Organizatorzy podsumowali VIII Kapucyński Piknik Motocyklowy.
Kapucyński Piknik Motocyklowy jest imprezą charytatywną, której celem jest zawsze pomoc drugiemu człowiekowi. Tym razem miłośnicy jednośladów i zainteresowani mogli wspomóc Patryka. Wielkiego amatora motocykli, który uległ na tyle poważnemu wypadkowi, że jedyny kontakt ze światem może nawiązać poprzez ruchy gałek ocznych. Aby ułatwić jemu i jego rodzinie funkcjonowanie i porozumiewanie potrzebne jest cyber-oko i na nie właśnie wolontariusze z Alwernii zbierali środki podczas imprezy.
Motocykliści nie zawiedli. Podczas imprezy udało się zebrać dla Patryka 11.488,26zł i 15 euro. To już ponad połowa do celu, czyli zakupu cyber-oka.

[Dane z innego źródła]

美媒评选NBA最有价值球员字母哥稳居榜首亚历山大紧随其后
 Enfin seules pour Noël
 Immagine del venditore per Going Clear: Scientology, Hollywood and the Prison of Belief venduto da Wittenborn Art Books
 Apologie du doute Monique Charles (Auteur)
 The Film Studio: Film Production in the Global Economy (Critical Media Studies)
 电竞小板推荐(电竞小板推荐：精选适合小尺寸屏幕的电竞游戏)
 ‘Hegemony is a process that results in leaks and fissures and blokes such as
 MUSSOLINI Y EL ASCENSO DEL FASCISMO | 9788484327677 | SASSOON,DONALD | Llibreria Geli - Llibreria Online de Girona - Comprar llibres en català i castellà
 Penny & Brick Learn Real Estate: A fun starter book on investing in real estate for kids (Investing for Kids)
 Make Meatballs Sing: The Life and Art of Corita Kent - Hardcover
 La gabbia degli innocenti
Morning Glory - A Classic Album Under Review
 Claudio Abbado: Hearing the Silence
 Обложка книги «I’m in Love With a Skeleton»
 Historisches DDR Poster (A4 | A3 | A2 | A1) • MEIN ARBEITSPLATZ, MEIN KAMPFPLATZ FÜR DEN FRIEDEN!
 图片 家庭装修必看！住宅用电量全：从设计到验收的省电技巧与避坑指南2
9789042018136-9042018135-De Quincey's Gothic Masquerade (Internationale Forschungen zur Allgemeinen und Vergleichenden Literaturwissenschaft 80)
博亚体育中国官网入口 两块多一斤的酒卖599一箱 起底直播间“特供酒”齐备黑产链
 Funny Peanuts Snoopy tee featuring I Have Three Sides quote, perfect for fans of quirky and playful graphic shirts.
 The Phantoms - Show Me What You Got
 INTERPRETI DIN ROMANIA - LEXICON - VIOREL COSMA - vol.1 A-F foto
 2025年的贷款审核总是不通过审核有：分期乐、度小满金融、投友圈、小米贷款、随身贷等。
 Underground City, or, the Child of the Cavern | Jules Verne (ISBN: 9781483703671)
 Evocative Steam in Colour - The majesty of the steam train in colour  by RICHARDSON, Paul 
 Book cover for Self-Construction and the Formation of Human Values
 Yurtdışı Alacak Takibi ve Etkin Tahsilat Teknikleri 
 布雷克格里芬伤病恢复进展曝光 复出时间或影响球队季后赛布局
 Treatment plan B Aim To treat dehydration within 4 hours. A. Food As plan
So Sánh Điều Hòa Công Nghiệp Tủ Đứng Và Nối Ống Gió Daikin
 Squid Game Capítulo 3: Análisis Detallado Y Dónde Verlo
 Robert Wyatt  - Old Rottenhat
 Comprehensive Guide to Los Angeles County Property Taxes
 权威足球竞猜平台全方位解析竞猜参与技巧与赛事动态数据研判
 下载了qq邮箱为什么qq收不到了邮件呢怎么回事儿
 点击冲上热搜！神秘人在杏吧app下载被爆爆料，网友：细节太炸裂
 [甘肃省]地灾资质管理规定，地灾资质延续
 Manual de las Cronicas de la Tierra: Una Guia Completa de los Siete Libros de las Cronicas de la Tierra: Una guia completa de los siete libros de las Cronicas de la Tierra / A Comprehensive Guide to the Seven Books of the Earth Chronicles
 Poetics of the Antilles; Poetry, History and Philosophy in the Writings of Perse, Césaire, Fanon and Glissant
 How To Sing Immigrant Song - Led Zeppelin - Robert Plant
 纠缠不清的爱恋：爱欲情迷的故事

Piknik to także zabawa i rywalizacja. W tym roku odbyły się konkursy: na najstarszy motocykl – wygrał go Damian Sienkiewicz ze swoim M72 750 z 1952 roku, na „najstarszy zestaw” (motocykl plus właściciel) – zwyciężył Waldemar Kula urodzony w 1959 roku ze swoim IŻ-49 z 1955 roku, co w sumie dało temu „zestawowi” 116 lat. Konkurs wolnej jazdy weteranów wygrał Marek Topyła (30,5 sekundy), wolną jazdę w kasku na rowerze zwyciężył Paweł Kowalczyk (46 sekund), a konkurs na największą pojemność wygrał Maciej Grottel, którego Yamaha Road Star ma 1900cm3.